• Materials provided:
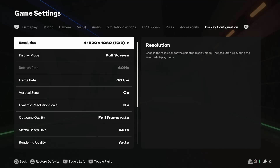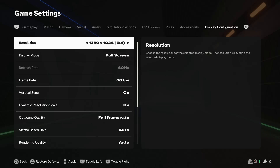From here the first option will be resolution. Choose the resolution you desire — for instance, if you want a lower resolution or a higher resolution.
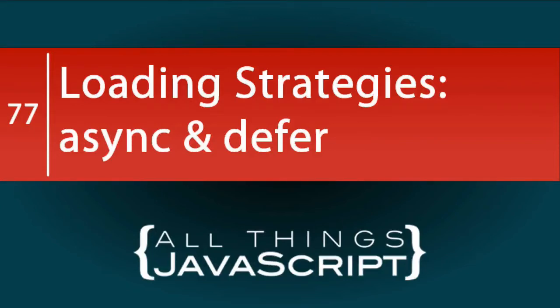In this third tutorial on JavaScript loading strategies, we're going to take a look at two attributes of the script tag: async and defer. These two attributes provide another alternative for JavaScript loading.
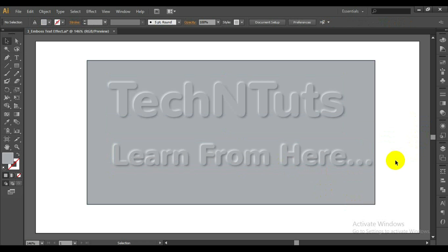In this tutorial you will learn how to create a chiseled text effect using Adobe Illustrator. It's a pretty short tutorial, so stay with us on this journey.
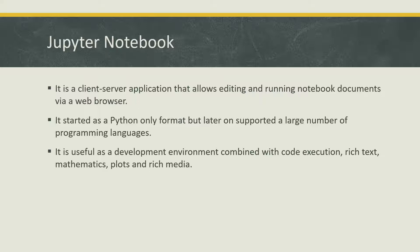Now how can you use this Jupyter Notebook? It can be easily installed using Python's package manager which is known as pip. Using pip, we can run the Jupyter Notebook and you just need to run a simple command which is pip install Jupyter.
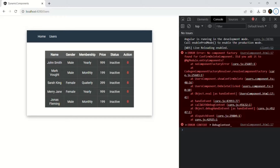In the last lecture, we tried to render a dynamic component programmatically. But when we tried to test it, we got this strange error: 'No component factory found for ConfirmDeleteComponent. Did you add it to ngModule.entryComponents?'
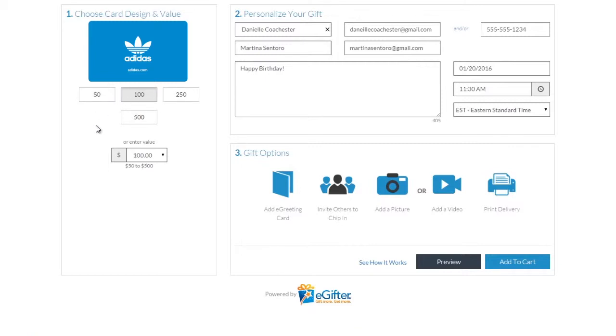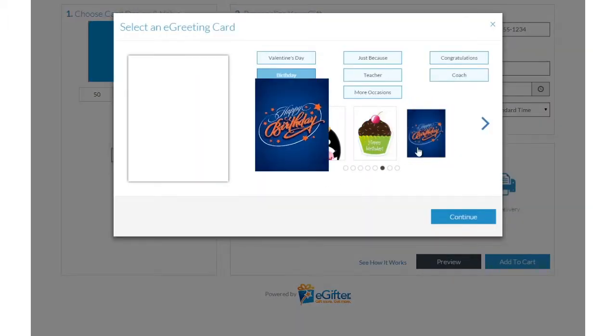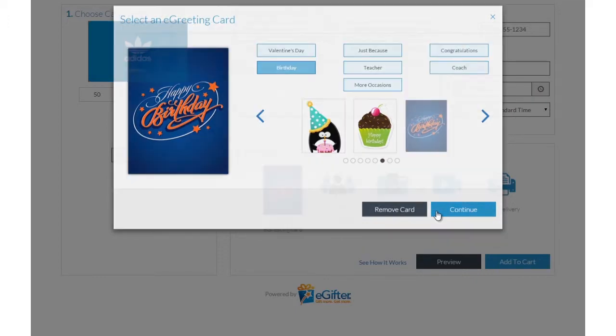You can send the gift by email, text message, or even a social post. Personalize your gift with an animated greeting card, photo, or video message.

• Goal of the exercise:
The records above need to be restated word for word, with the pictures left out.

• Response area:
From here the first option will be resolution. Choose the resolution you desire — for instance, if you want a lower resolution or a higher resolution.
In this third tutorial on JavaScript loading strategies, we're going to take a look at two attributes of the script tag: async and defer. These two attributes provide another alternative for JavaScript loading.
In this tutorial you will learn how to create a chiseled text effect using Adobe Illustrator. It's a pretty short tutorial, so stay with us on this journey.
Now how can you use this Jupyter Notebook? It can be easily installed using Python's package manager which is known as pip. Using pip, we can run the Jupyter Notebook and you just need to run a simple command which is pip install Jupyter.
In the last lecture, we tried to render a dynamic component programmatically. But when we tried to test it, we got this strange error: 'No component factory found for ConfirmDeleteComponent. Did you add it to ngModule.entryComponents?'
You can send the gift by email, text message, or even a social post. Personalize your gift with an animated greeting card, photo, or video message.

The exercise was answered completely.